Again, from many numbers one number is produced, but how can one Form come from many Forms? And if the number comes not from the many numbers themselves but from the units in them, e.g. in 10,000, how is it with the units? If they are specifically alike, numerous absurdities will follow, and also if they are not alike (neither the units in one number being themselves like one another nor those in other numbers being all like to all); for in what will they differ, as they are without quality? This is not a plausible view, nor is it consistent with our thought on the matter.
Further, they must set up a second kind of number (with which arithmetic deals), and all the objects which are called 'intermediate'
by some thinkers; and how do these exist or from what principles do they proceed? Or why must they be intermediate between the things in this sensible world and the things-themselves?
Further, the units in must each come from a prior but this is impossible.
Further, why is a number, when taken all together, one?
Again, besides what has been said, if the units are diverse the Platonists should have spoken like those who say there are four, or two, elements; for each of these thinkers gives the name of element not to that which is common, e.g. to body, but to fire and earth, whether there is something common to them, viz. body, or not. But in fact the Platonists speak as if the One were homogeneous like fire or water; and if this is so, the numbers will not be substances.
Evidently, if there is a One itself and this is a first principle, 'one' is being used in more than one sense; for otherwise the theory is impossible.
When we wish to reduce substances to their principles, we state that lines come from the short and long (i.e. from a kind of small and great), and the plane from the broad and narrow, and body from the deep and shallow. Yet how then can either the plane contain a line, or the solid a line or a plane? For the broad and narrow is a different class from the deep and shallow. Therefore, just as number is not present in these, because the many and few are different from these, evidently no other of the higher classes will be present in the lower.

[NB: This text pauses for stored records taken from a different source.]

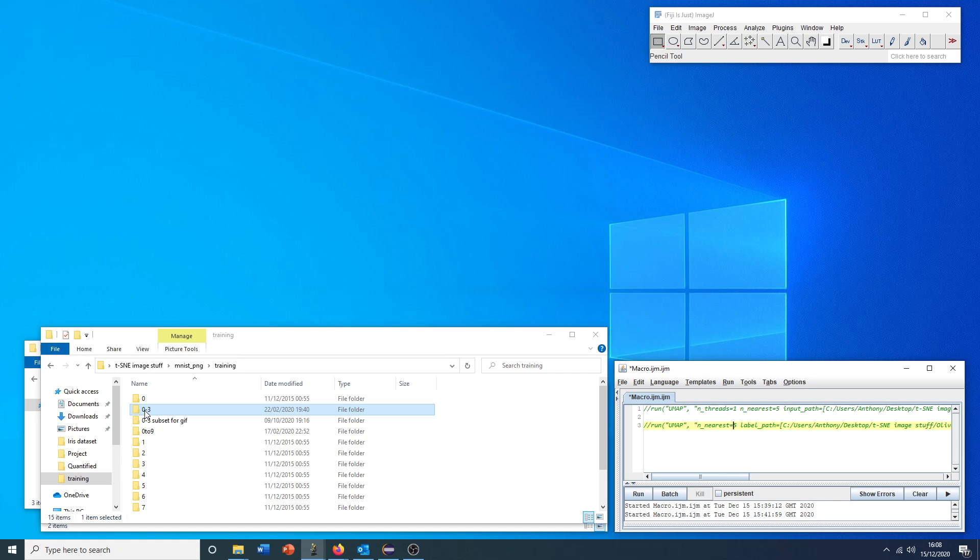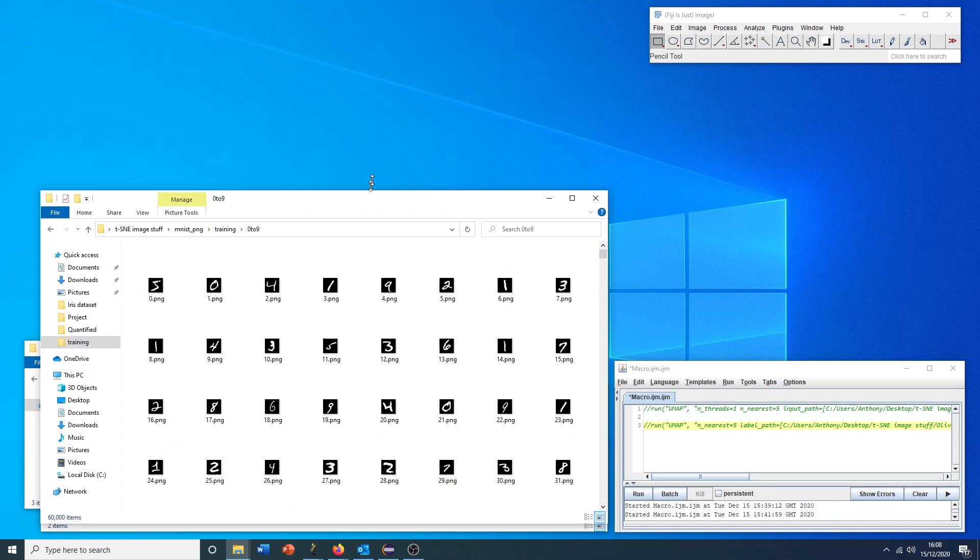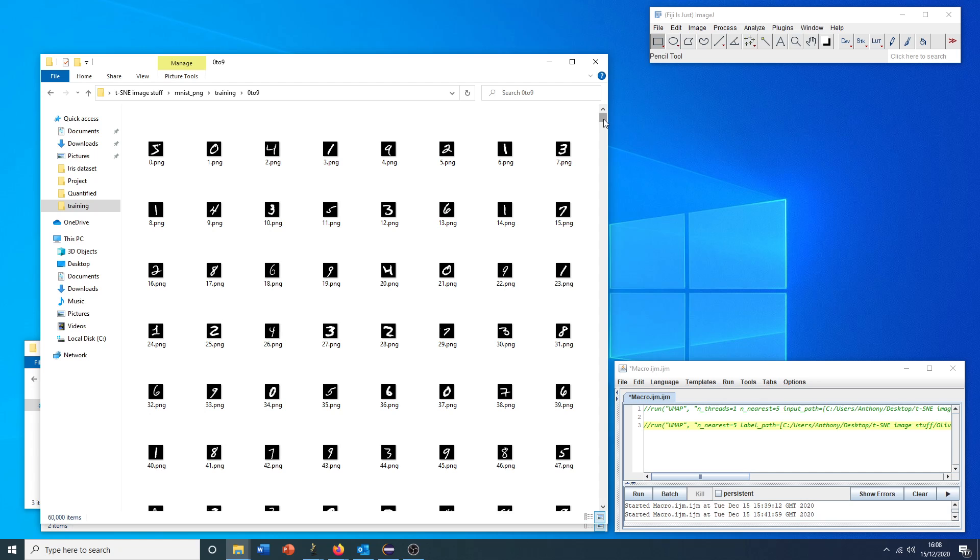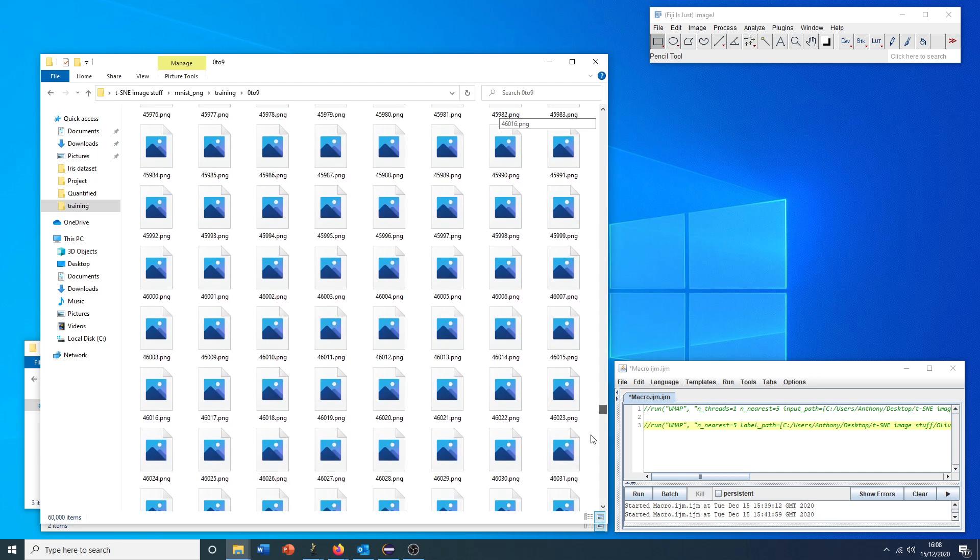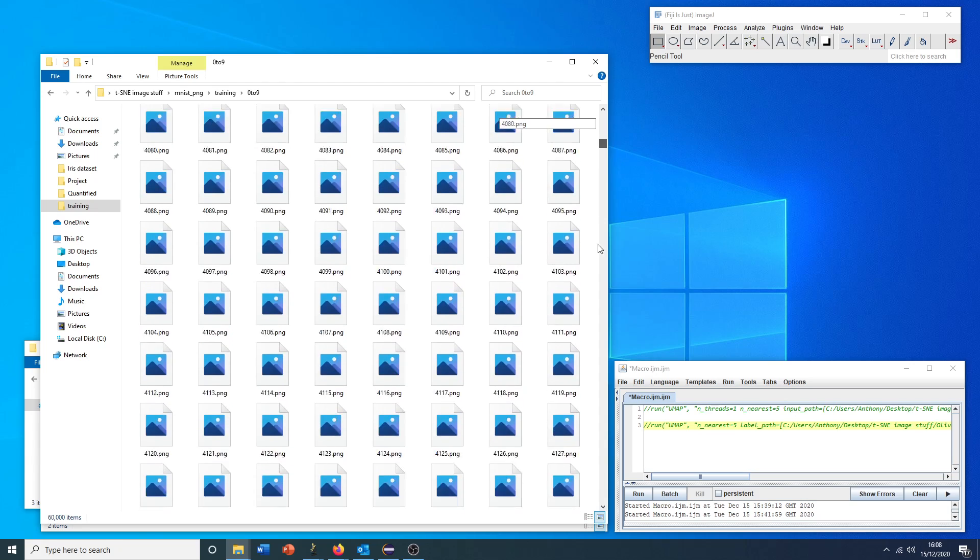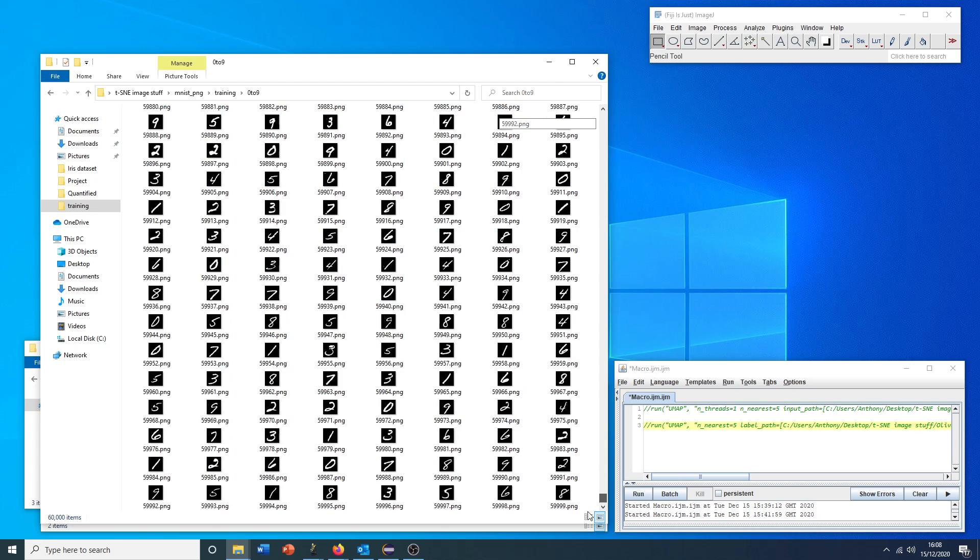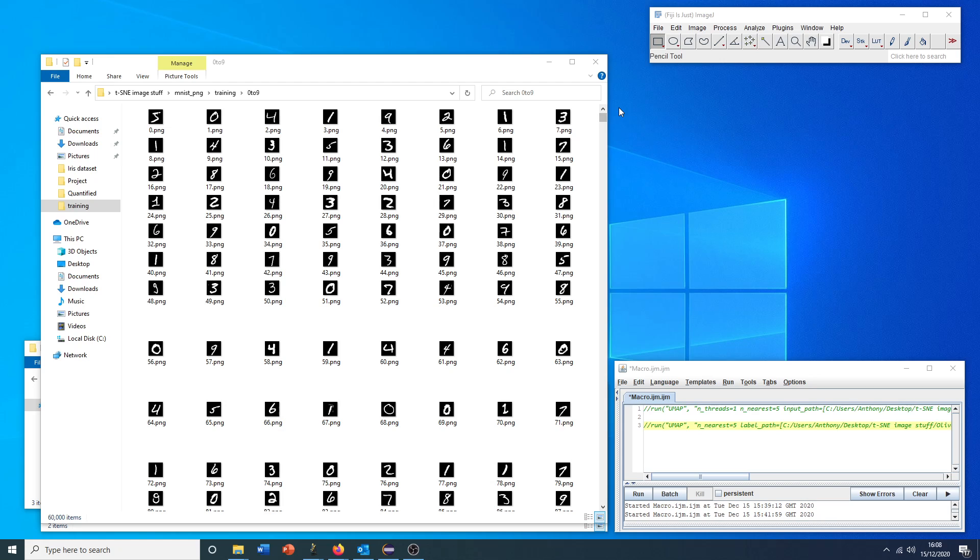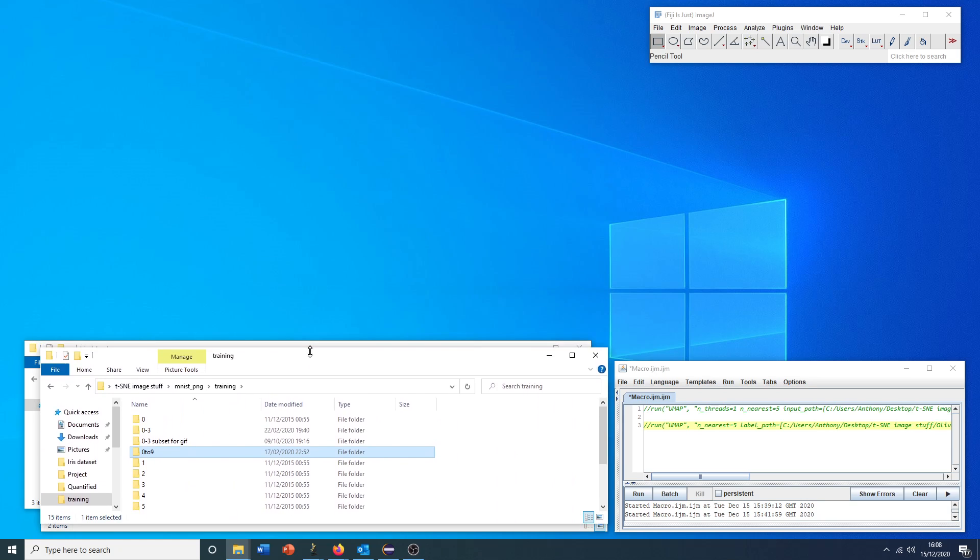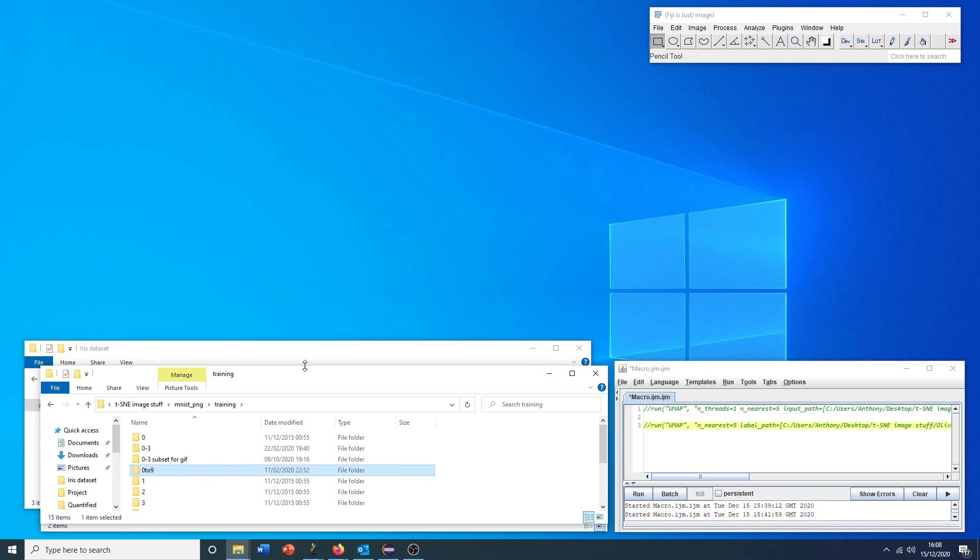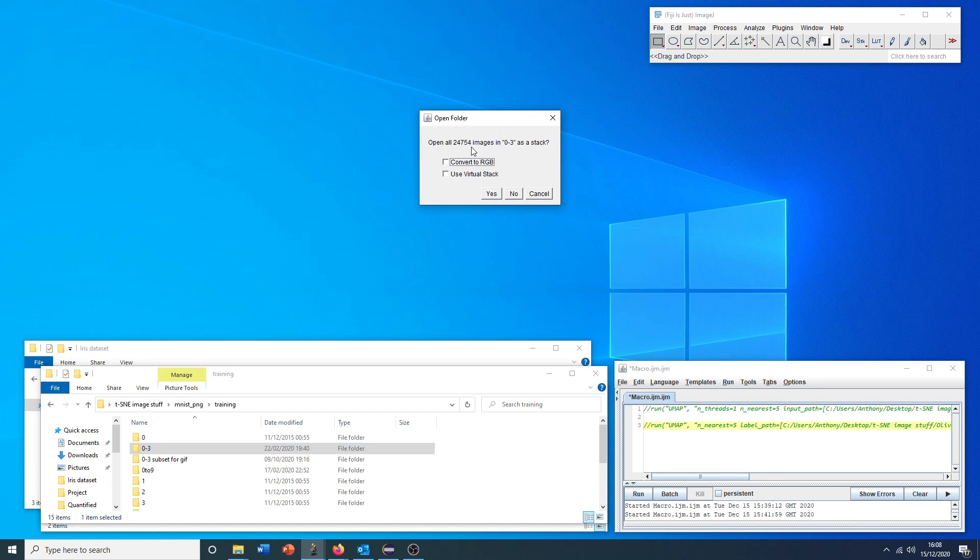So we can open, as an example, the MNIST dataset, or at least a subset of it. The original MNIST dataset is about 60,000 28 by 28 pixel hand-drawn numbers. But just for convenience in this plugin tutorial, I will open a subset of just the numbers 0 to 3. To open this as a stack, we can just drag the folder into ImageJ. We're asked if we want to open these close to 25,000 images. We say yes.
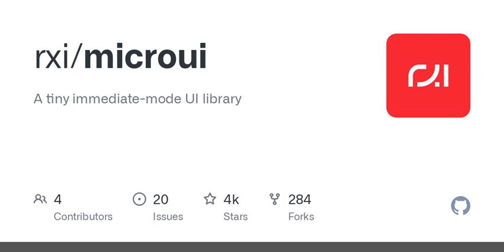Let's map out our next steps and keep that curiosity alive. Can't wait to see what we uncover together. And let's not forget to keep exploring how simplicity fuels innovation.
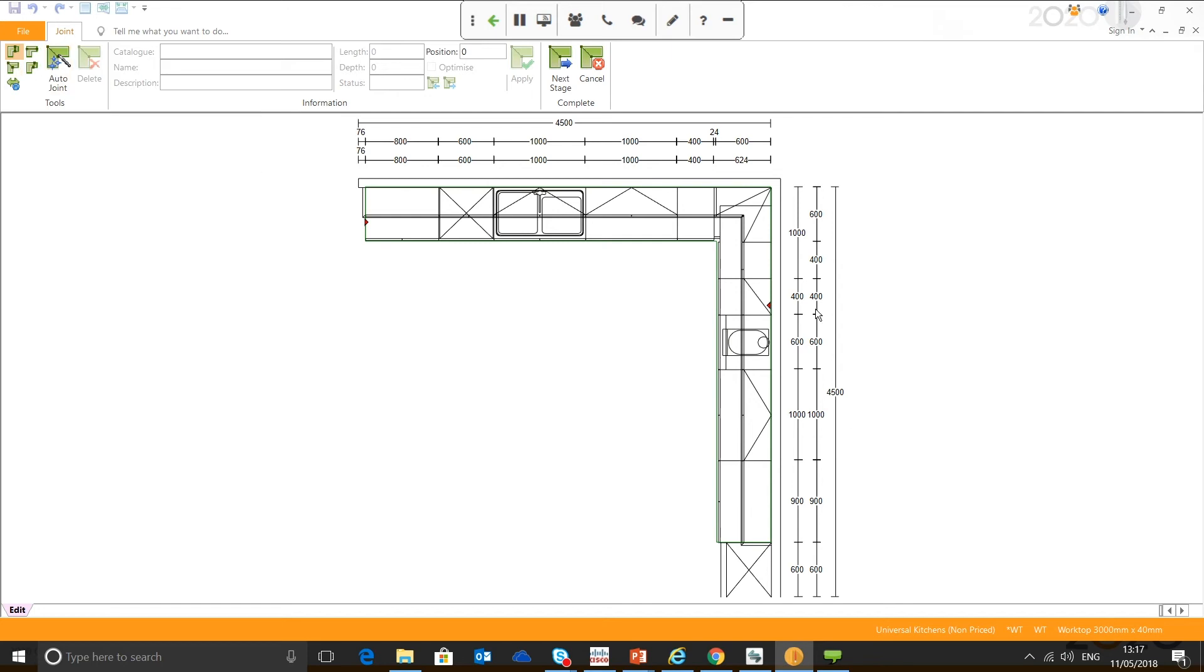As I'm flicking through the tools you'll see red triangles or red dots. These are different points throughout the worktop where we can apply a joint. You've also got your grain direction as well.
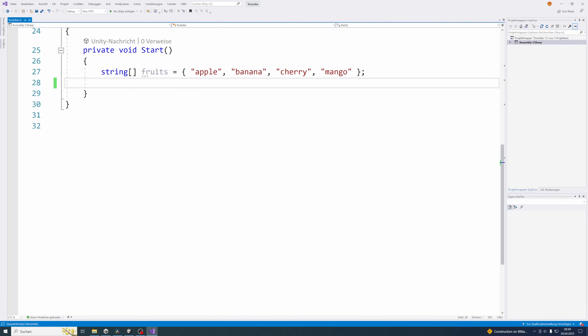Hello and welcome to this video. Today I want to talk about loops. A loop is a certain type of control structure that lets you execute a block of code as long as a specific condition is met.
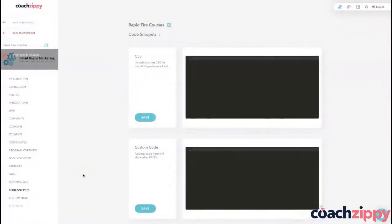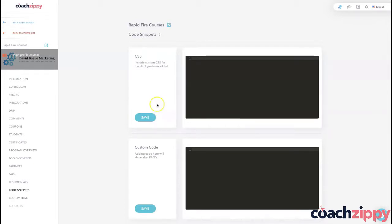Hey guys and welcome to this Coaches tutorial where we're going to be talking about code snippets. This is going to be a very quick tutorial simply because this is not for everyone — if you are a developer or a coder and you have coding skills and you want to add something custom to your course,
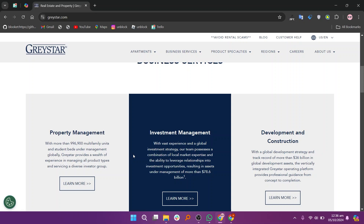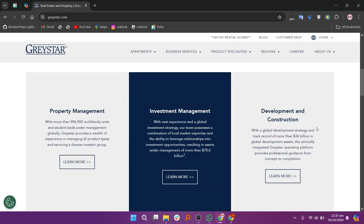Next, click on any property that interests you to view more details, including contact information for inquiries. After that, you can reach out to the leasing office for further information or to schedule a visit.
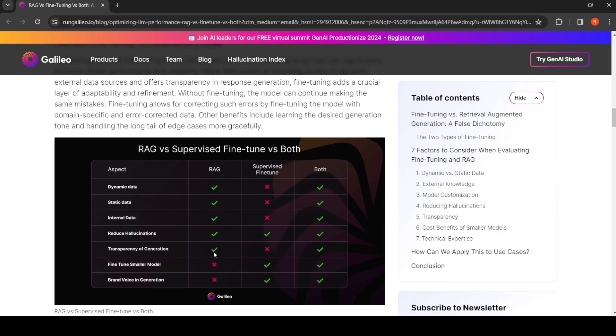Based on the context, how did this response get generated and so on. Whereas in supervised fine-tuning, your generation is kind of a black box. But you can fine-tune a smaller model, you can give a distinct personality to your model, that is brand voice in generation. You can reduce hallucination by fine-tuning on a particular domain, on a particular dataset. When you combine both, you get all these benefits.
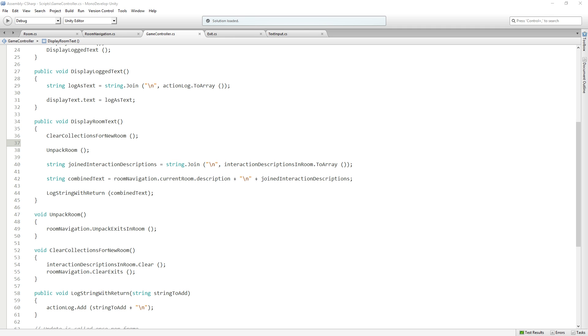Kuno Nooni asks, are you doing a verb noun parser? That's exactly what I'm doing. The structure is going to be go north, take skull. Yeah, it's a verb noun parser.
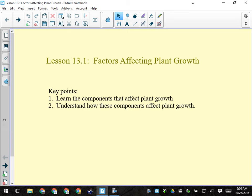Biology questions come in two kinds: strict recall — where you memorize and regurgitate it on an exam — and apply, where you're given a novel situation and you have to extrapolate from your background knowledge to answer the question. Those are basically the two kinds of questions in biology.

But again the broad is not a genus which includes the deep, for then the solid would have been a species of plane. Further, from what principle will the presence of the points in the line be derived?
Plato even used to object to this class of things as being a geometrical fiction. He gave the name of principle of the line-and this he often posited-to the indivisible lines. Yet these must have a limit; therefore the argument from which the existence of the line follows proves also the existence of the point.
In general, though philosophy seeks the cause of perceptible things, we have given this up (for we say nothing of the cause from which change takes its start), but while we fancy we are stating the substance of perceptible things, we assert the existence of a second class of substances, while our account of the way in which they are the substances of perceptible things is empty talk; for 'sharing', as we said before, means nothing.